Print the listing below verbatim, passing over each picture.
Data shown START
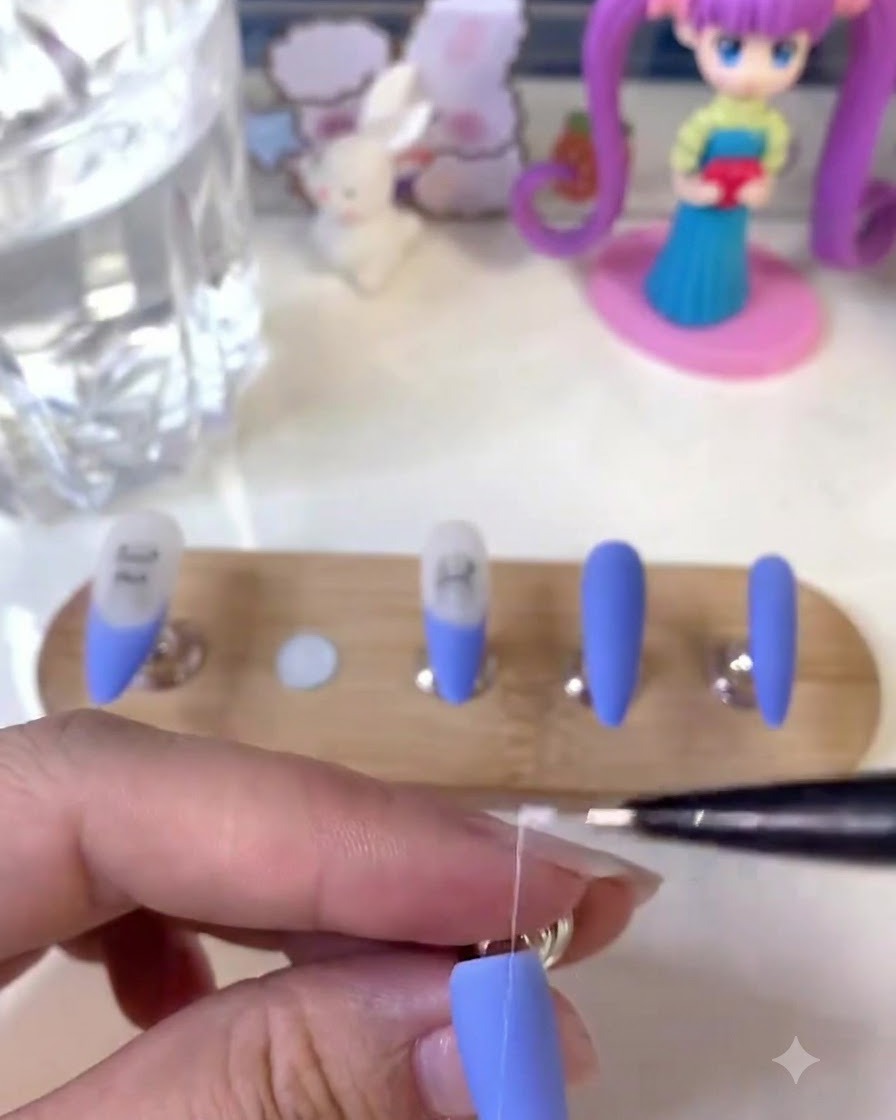 Eine Nageldesignerin hält einen feinen Liner-Pinsel und zeichnet detaillierte weiße Linien auf einen matten blauen Nagel.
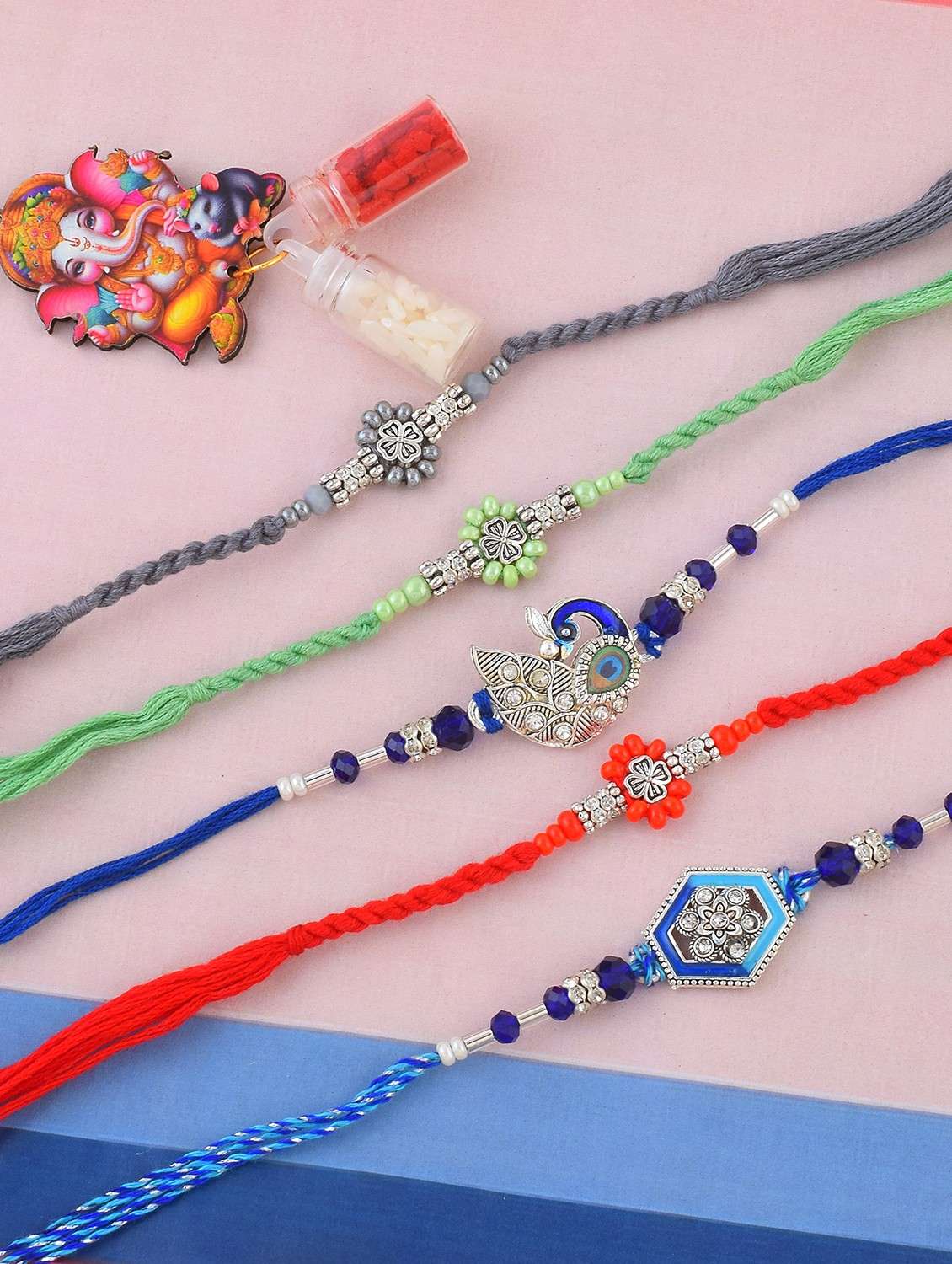 pack of 5 beaded rakhi set with roli and chawal - 21981834 - Zoom Image - 0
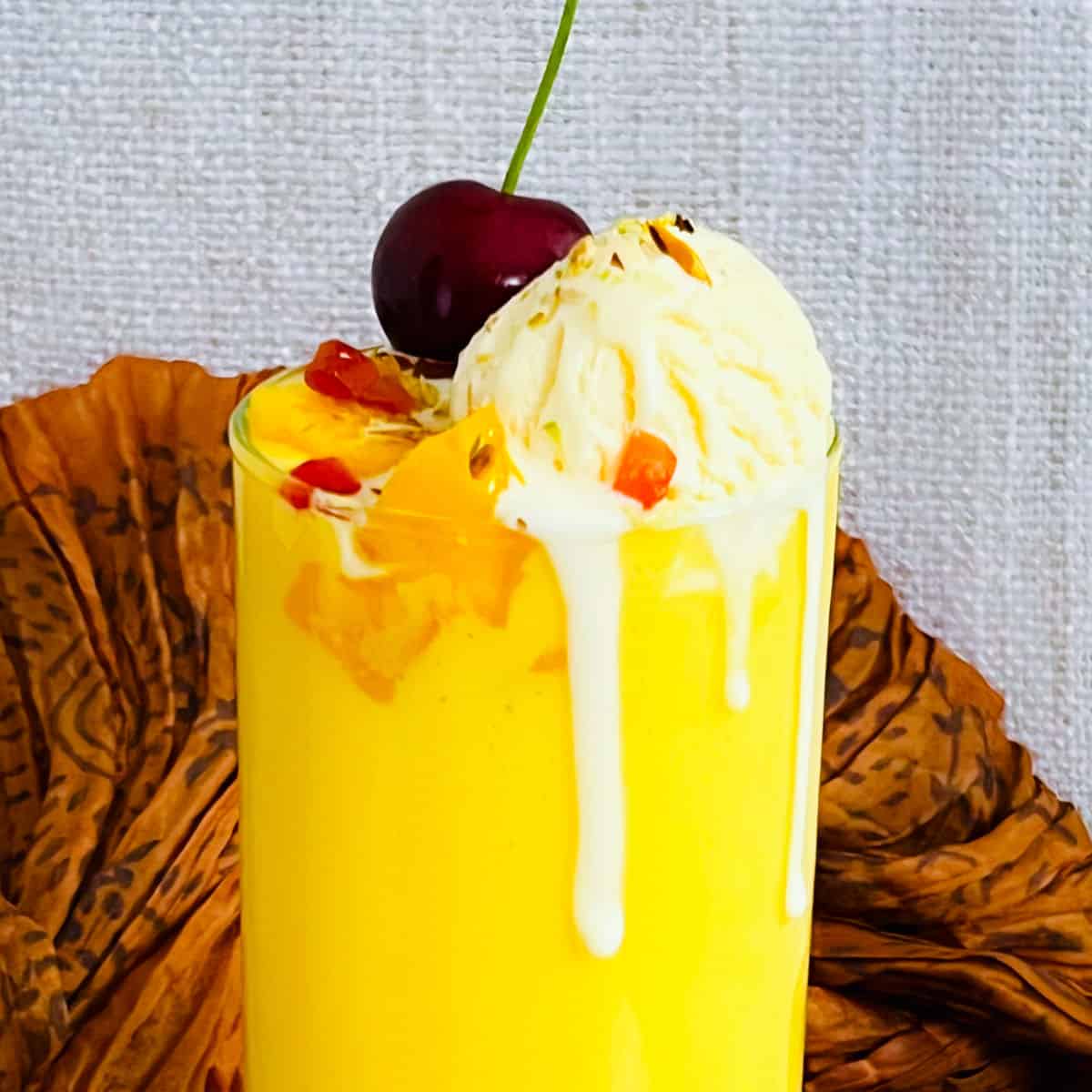 A close up of mango mastani showing the toppings.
Data shown END
▸ Solved problem
 Eine Nageldesignerin hält einen feinen Liner-Pinsel und zeichnet detaillierte weiße Linien auf einen matten blauen Nagel.
 pack of 5 beaded rakhi set with roli and chawal - 21981834 - Zoom Image - 0
 A close up of mango mastani showing the toppings.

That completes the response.